Post-conviction court erred in finding that defendant received effective assistance of trial counsel; there was no serious dispute that counsel (now deceased) had failed prior to trial to communicate a guilty-plea offer that would have reduced defendant’s sentence exposure to about half of what he actually received.
Criminal
D.A. v. State, No. 48A02-1504-MI-215, ___ N.E.3d ___ (Ind. Ct. App. Dec. 31, 2015).
Trial court, having expunged defendant’s convictions, should also have granted defendant’s request to expunge the records of a civil forfeiture proceeding that arose from the same facts underlying the convictions; expungement statute was ambiguous on that point, but as a remedial statute must be liberally construed.
State v. J.S., No. 16A04-1503-MI-89, __ N.E.3d __ (Ind. Ct. App., Dec. 28, 2015).
Trial court could not prevent the Bureau of Motor Vehicles from disclosing expunged OWI conviction to Commercial Driver’s License Information System. (At issue is the expungement law effective July 1, 2013, which has since been amended.)
Blackmon v. State, No. 48A02-1505-CR-270, ___ N.E.3d ___ (Ind. Ct. App. Dec. 15, 2015).

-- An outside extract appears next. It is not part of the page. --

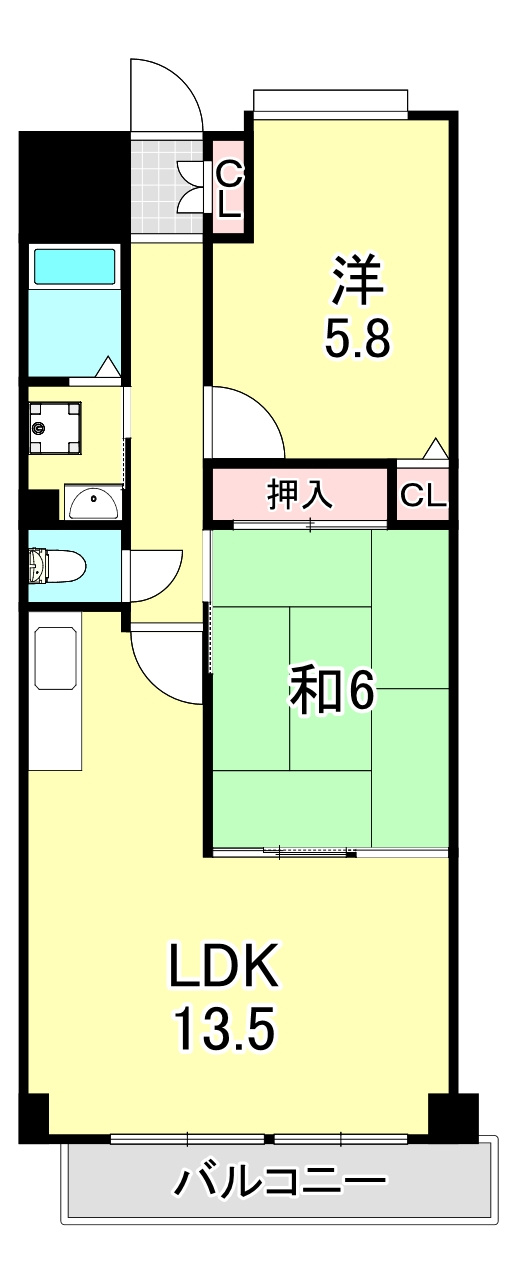 シティプラザ深江北町の間取り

Trial court did not err in denying Batson challenge, even though one of the State’s two race-neutral reasons for striking prospective juror was suspect and trial court did not specify which reason it found credible; under the “dual-motive” approach, the record showed the State would have exercised the strike even without the suspect reason.
Key v. State, No. 02A04-1507-MI-854, ___ N.E.3d ___ (Ind. Ct. App. Dec. 17, 2015).
Trial court erred in denying expungement without a hearing after the State objected to the petition; expungement statute requires a hearing when the State objects, and expungement could not be summarily denied because defendant was entitled to mandatory expungement of one of his convictions.